Written by
Inge Woudstra

Published
16 Nov 2015

The gender pay gap: do women just need to negotiate better?

16 Nov 2015 • by Inge Woudstra

There’s been a lot of commotion in the media about the gender pay gap recently. Some people argue it’s only natural as men tend to work longer hours, and often work in areas where skills are remunerated higher. Yet, when those differences are taken into account women are still paid less for exactly the same jobs. 

Others argue that perhaps it's only fair. After all, men and women are different. That is true, but even though we are different, we can still achieve the same. Many women now are in senior positions, proving every day that women can lead teams, run projects and lead organisations just as well as men (or just as badly in some cases). 

Many women get really upset about the gender pay gap, and blame the male dominated world we live in. Others think women themselves are to blame, as they should just negotiate better. 

However, there is another way of looking at it, and that way will get to the crux of what’s causing the problem and give lots of insights on what can be done. 

Why are women paid less?

Women are paid less, and it's connected to how women work. Yes, women can do the same jobs, however they will often do it in a different way; less visible and more facilitative. Women for instance, usually have a more inclusive and accessible style. This is linked to how women compete.

Women compete on relationships, being nicest and most popular. This doesn’t mean women are nice, it’s about being seen to be nice. Inclusive language and behaviour and commenting positively on others helps build their position in the hierarchy. Girls learn that from a young age, and if they do not conform other girls will ostracize them. Consequently results are not seen or attributed to circumstances or the team will get the praise rather than the individual.
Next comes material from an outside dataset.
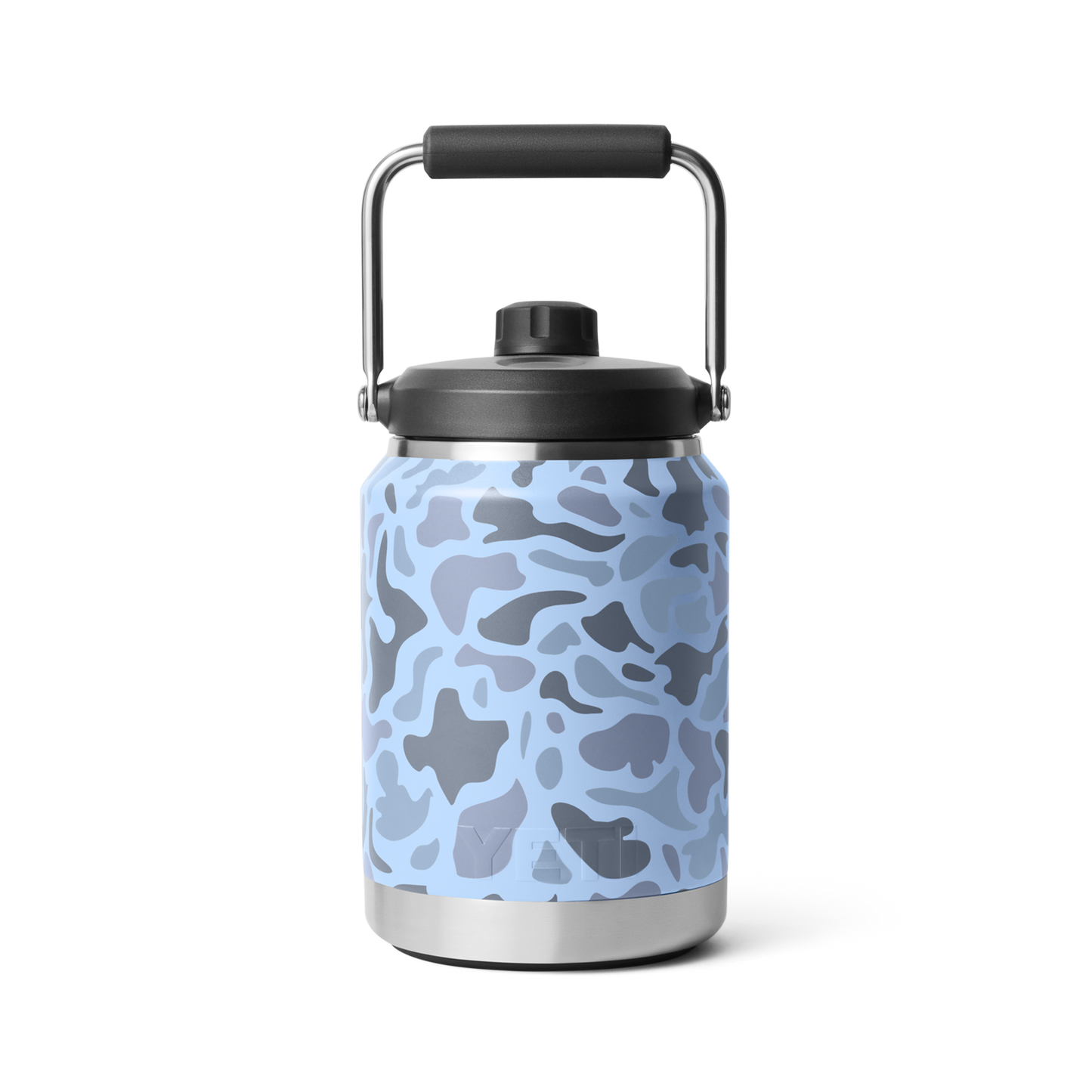 Rambler® 1/2-Gallon (1.9L) Jug Blue Camo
Men usually have a more commanding, controlling style. They compete on being the biggest, the strongest or the best. Their position in the hierarchy can for instance be demonstrated by words, so it’s important to them to broadcast achievements and speak in a commanding, authoritative way. Their place in the hierarchy can also be demonstrated with status symbols such as job titles, perks - like office size, type of desk or car - and salary and related benefits. Boys learn from a young age to compete in this way, and it's readily accepted by other boys.

The solution is in being gender smart: being aware of those differences in how men and women compete and applying that knowledge.

How can you be gender smart in your HR practices?

  1. Create transparency, and publish pay. When women see what others are paid they will speak up. 
  2. Measure output in objective ways where possible. In places where there are clear output criteria the gender pay gap is almost non-existent. 
  3. Teach women to speak up about their contribution, and show them that both more female and more male competencies are of value in your organisation.

How can you be a gender smart female?

  1. Be visible and speak up; women do work differently from men. How do you work? 
  2. The way women work brings value. How do you bring value and results for the organisation? 
  3. Find ways of speaking up that work for you. How can you talk about your achievements, while not feeling you are damaging relationships? How could it help others?